REQUIRED WORK
Each entry that follows should be retyped in full and exactly.

**** THE INPUT ****

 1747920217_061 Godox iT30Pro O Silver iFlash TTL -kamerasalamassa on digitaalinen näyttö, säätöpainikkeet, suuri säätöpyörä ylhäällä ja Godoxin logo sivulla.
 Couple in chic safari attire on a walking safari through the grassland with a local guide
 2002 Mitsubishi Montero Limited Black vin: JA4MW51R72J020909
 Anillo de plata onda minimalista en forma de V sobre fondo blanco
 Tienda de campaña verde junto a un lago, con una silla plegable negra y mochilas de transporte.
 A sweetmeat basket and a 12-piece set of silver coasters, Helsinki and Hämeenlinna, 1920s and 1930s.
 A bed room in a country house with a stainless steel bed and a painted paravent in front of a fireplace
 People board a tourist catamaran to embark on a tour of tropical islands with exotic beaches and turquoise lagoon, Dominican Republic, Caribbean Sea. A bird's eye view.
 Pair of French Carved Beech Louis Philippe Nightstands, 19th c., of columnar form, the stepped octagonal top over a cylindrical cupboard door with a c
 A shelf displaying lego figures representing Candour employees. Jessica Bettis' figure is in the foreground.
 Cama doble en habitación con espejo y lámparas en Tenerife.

****

RESULT FOR THIS TASK
 1747920217_061 Godox iT30Pro O Silver iFlash TTL -kamerasalamassa on digitaalinen näyttö, säätöpainikkeet, suuri säätöpyörä ylhäällä ja Godoxin logo sivulla.
 Couple in chic safari attire on a walking safari through the grassland with a local guide
 2002 Mitsubishi Montero Limited Black vin: JA4MW51R72J020909
 Anillo de plata onda minimalista en forma de V sobre fondo blanco
 Tienda de campaña verde junto a un lago, con una silla plegable negra y mochilas de transporte.
 A sweetmeat basket and a 12-piece set of silver coasters, Helsinki and Hämeenlinna, 1920s and 1930s.
 A bed room in a country house with a stainless steel bed and a painted paravent in front of a fireplace
 People board a tourist catamaran to embark on a tour of tropical islands with exotic beaches and turquoise lagoon, Dominican Republic, Caribbean Sea. A bird's eye view.
 Pair of French Carved Beech Louis Philippe Nightstands, 19th c., of columnar form, the stepped octagonal top over a cylindrical cupboard door with a c
 A shelf displaying lego figures representing Candour employees. Jessica Bettis' figure is in the foreground.
 Cama doble en habitación con espejo y lámparas en Tenerife.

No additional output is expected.